LOL!
Animated graphical score of The Flight of the Bumblebee:
I've been watching [several](https://www.youtube.com/user/smalin/videos?disable_polymer=1) of these animated scores recently. They are very well done.Now I can say I’ve heard it. Quite distinctive - now I’m completely sure I’d never heard it before.
ioioio (by priest and people sungen): Why did you laugh when you heard that this needs no introduction? Isn’t it just because it’s pretty well known? Is there a joke I’m missing? If they’d said “needs no introduction” and then played Also Sprach Zarathustra without its introduction, or played Introduction and Rondo Capriccioso which ha ha doesn’t need one because it already is one, those could potentially be laugh material…
I probably would.
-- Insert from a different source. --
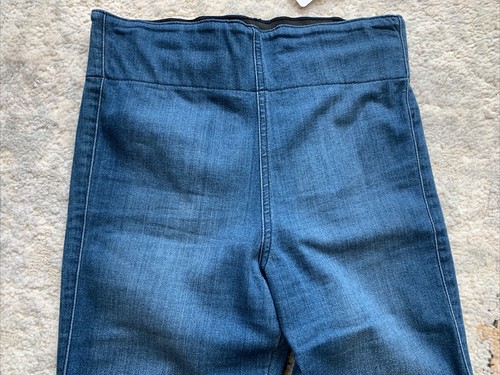 NEU Show Me Your Mumu Blue Stretch Berkeley Bells Bell Bottom Soft Denim Jeans S - Bild 3 von 10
Because I listened to the old Green Hornet radio shows a few years ago.
That’s about the only classical piece that would be humorous.
Well, there’s this.
Listen to the first few minutes of Shostakovich’s 5th symphony and try saying there’s nothing funny about it. 
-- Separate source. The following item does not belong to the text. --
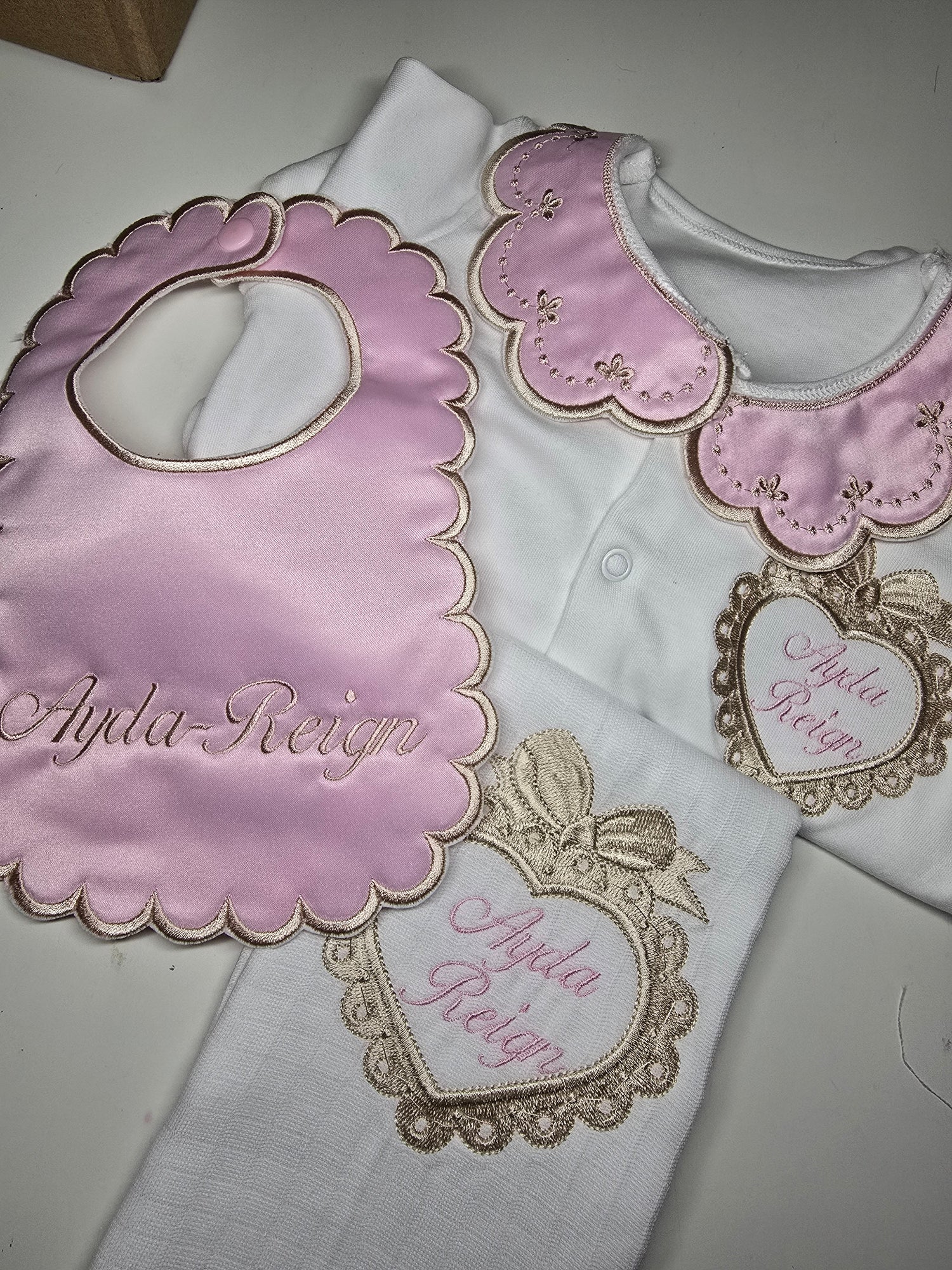 Pink &amp; Gold Heart Girls Set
True, but how many people can name those out of hand?
Whoo boy…there’s a lot of classical repertoire with humor in it, even if we’re deliberately excluding comic opera and other comedic vocal works. Some of it is subtle, some of it is blatant, some of it was a lot funnier at the time it was written, but there’s plenty of it out there.
Hell, even Beethoven’s Ninth has a few musical jokes worked in, one of the more obvious ones being having a little Janissary band march through the middle of the last movement for no particular reason. And Mozart literally wrote a piece called “The Musical Joke”.
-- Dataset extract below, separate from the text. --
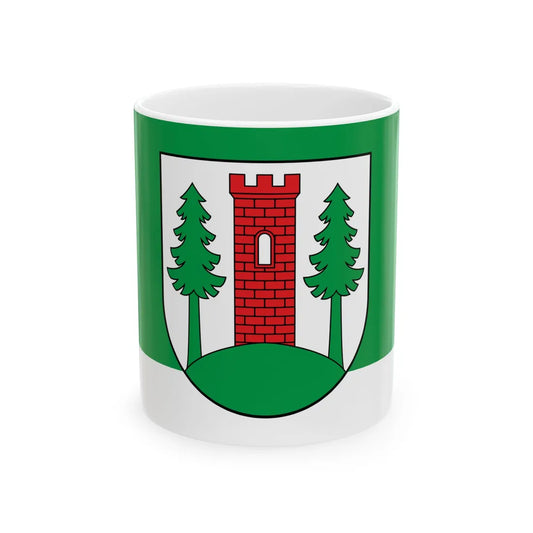 POL gmina Czarny Bor flag (Poland) White Coffee Mug 11oz - Go Mug Yourself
Saint-Saëns’ The Carnival of the Animals has a lot of jokes in it, too.
More classical music that needs no introduction:
Beethoven: Moonlight Sonata, chorale from 9th Symphony
Beethoven - Moonlight Sonata (FULL) - YouTube
Ludwig van Beethoven - Symphony No. 9 "Choral" (Finale) - YouTube
Brahams: Lullaby
Johannes Brahms - Lullaby - YouTube
Greig: In the Hall of the Mountain King
Grieg - In the Hall of the Mountain King - YouTube
Verdi: Dies Irae
Verdi: Requiem, Dies irae - YouTube
Strauss: The Blue Danube
Johann Strauss II - The Blue Danube Waltz - YouTube
Tchaikovsky: Dance of the Sugar Plum Fairy
Pyotr Ilyich Tchaikovsky / Nina Kaptsova - Dance of the Sugar Plum Fairy / 2010 - YouTube
I have a feeling Mozart’s “Leck mich im Arsch” (“Lick me in the ass”) was somewhat intended to be tongue-in-cheek.
I giggled. I tried really hard not to, though. And again just now.
No humor, per se, but a definite surprise:
"Flight of the Bumblebee" and its modern day counterpart "The Bumble Boogie" as interpreted by a master:So did the host identify the piece after the fact, and/or discuss the particular recording?
Otherwise, that sounds like a good way to alienate people who may not be familiar with classical music and are tuning to learn.
“If you don’t know what this is, then you shouldn’t be listening to our station. Ha ha ha!”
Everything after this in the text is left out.